[The problem]: Would you repeat word for word the lines of the listing that follows, from the one with "Lagu DAHSYATNYA BACA" up to and including the one with "[Sách] Activate! A2", and leave out the images?

[Data extracts]:
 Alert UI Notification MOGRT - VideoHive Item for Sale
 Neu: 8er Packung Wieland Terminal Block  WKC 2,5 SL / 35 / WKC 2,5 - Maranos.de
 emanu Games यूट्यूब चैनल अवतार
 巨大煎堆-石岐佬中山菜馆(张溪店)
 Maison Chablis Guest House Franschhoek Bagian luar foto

---

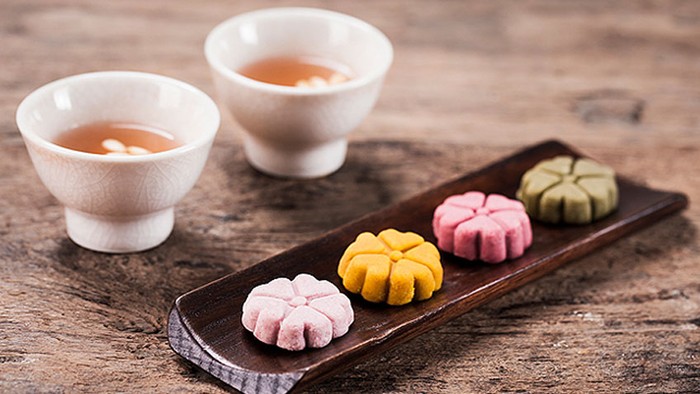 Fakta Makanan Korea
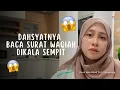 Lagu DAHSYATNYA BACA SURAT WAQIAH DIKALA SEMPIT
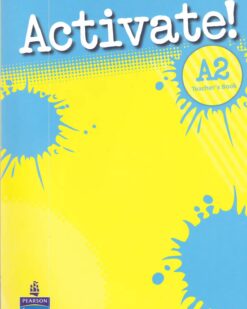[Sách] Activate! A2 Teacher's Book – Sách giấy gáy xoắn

---

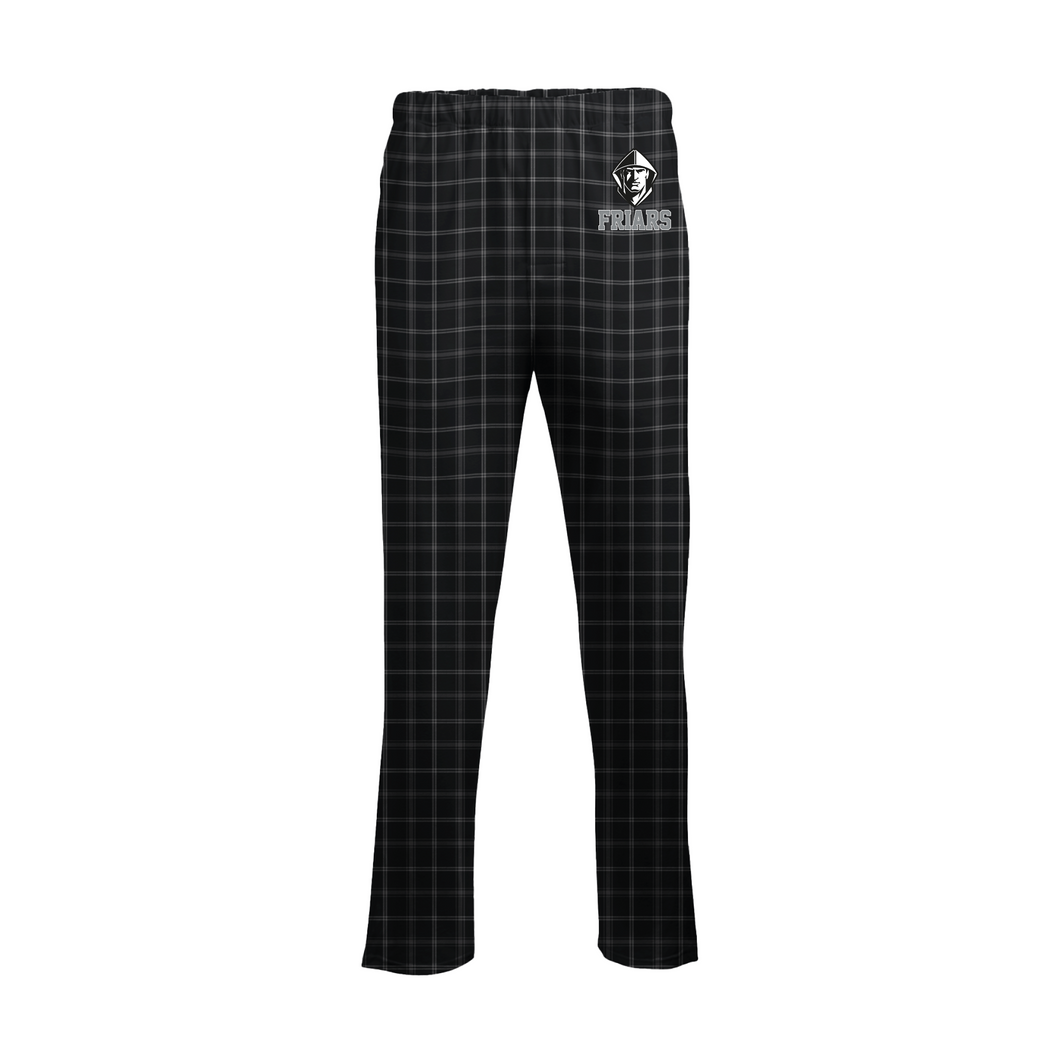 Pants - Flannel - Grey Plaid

[Task response]:
 Lagu DAHSYATNYA BACA SURAT WAQIAH DIKALA SEMPIT
[Sách] Activate! A2 Teacher's Book – Sách giấy gáy xoắn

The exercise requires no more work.